Dijo que en los principales polos productivos se priorizan las inversiones, en relación con otros lugares, en aras de que no se pierdan las frutas y vegetales por falta de capacidad industrial.

«Estamos trabajando con el pepino, vegetales marinados y preparando a la Fábrica Caribe —perteneciente a la UEB Doña Delicia, en Quivicán, provincia de Mayabeque— para la producción de habichuela y zanahoria encurtidas. En el primer trimestre del año próximo es la campaña de vegetales. También pensamos trabajar en envasado de aceitunas en un futuro menos mediato, para ir reduciendo los niveles de importación.

Moreno Iglesias se refirió además a la inauguración, en enero de 2013, de una fábrica en el Valle de Caujerí, la cual cuenta con tecnología moderna para procesar las frutas y vegetales de Guantánamo, que muchas veces se perdían, sobre todo en la zona montañosa, por falta de capacidad industrial cercana a estos lugares.

Señaló que existe un plan de mantenimiento de la industria y se realizarán otras inversiones, entre estas una en Ciego de Ávila, la cual contempla una fábrica para procesar y envasar frutas y vegetales en sistema aséptico y en formato de 200 kilogramos y envases flexibles.

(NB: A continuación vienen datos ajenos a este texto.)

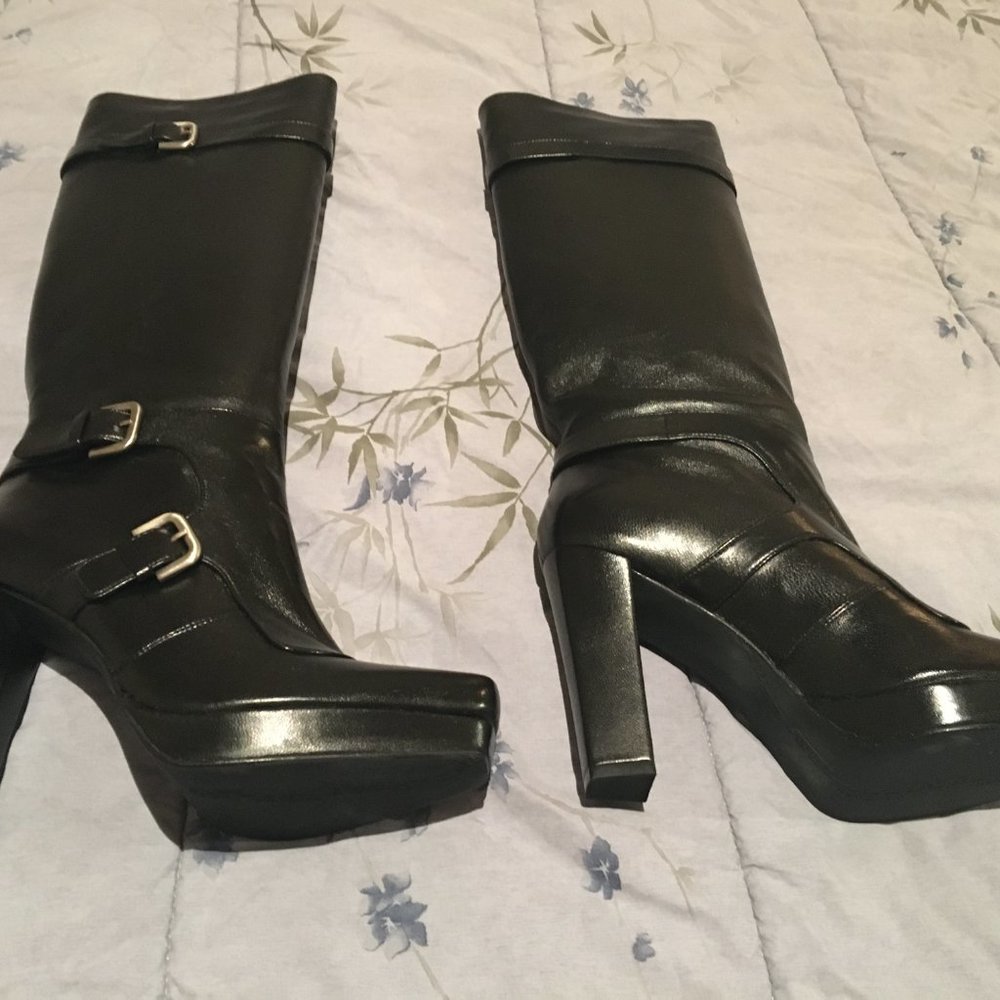 Stuart Weitzman Polished Black Leather Moto Platform Boots - Size 7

Esta inversión, precisó, proviene de un proyecto de colaboración entre Cuba y China. En los meses de junio y julio del año venidero comenzará la puesta en marcha de esta industria, según se prevé en el cronograma.

Habló también de la recuperación de las máquinas tapadoras para envases pequeños, en aras de dejar el formato mayorista para aquellos clientes que lo deseen adquirir de ese modo en las tiendas, y para el turismo, que sí precisa de ese tamaño.

«Estamos tratando de mejorar la tecnología, la presencia del producto y llegar al consumidor con un formato asequible para su bolsillo, pues ese es un reclamo que tenemos pendiente. En el caso del tomate sabemos que su pulpa es muy reclamada en la cocina cubana», expresó.

El directivo mencionó a la inversión extranjera en la rama de las conservas de industria alimentaria como una alternativa para el desarrollo. Cuentan con dos fábricas propuestas en la Cartera de Oportunidades, entre estas la fábrica La Conchita, en Pinar del Río, que tiene una amplia gama de surtidos, y la fábrica de Salsa soya, enclavada en Mayabeque. En esta última se pretende rescatar la salsa soya, incluso el grano con que se elabora, e incorporar nuevos productos como la salsa soya picante, la saborizada y más adelante las mostazas.

«Pensamos que cuando tengamos estas fábricas funcionando, con la ayuda de la inversión extranjera, podamos satisfacer el mercado interno, y además exportar sus productos al área del Caribe».

Aseguró que ya hay empresarios interesados en estas dos industrias. Quienes apuestan por La Conchita casi todos son europeos. En cambio, los que desean licitar para la de salsa soya son chinos y vietnamitas, principalmente, pues son avezados en la cultura de ese producto.

Mientras cuajan esos planes, sigue afectando a la economía nacional y a la familiar la disonancia entre un campo del que se persigue tener más frutos año tras año, y una industria obsoleta y golpeada por las limitaciones económicas.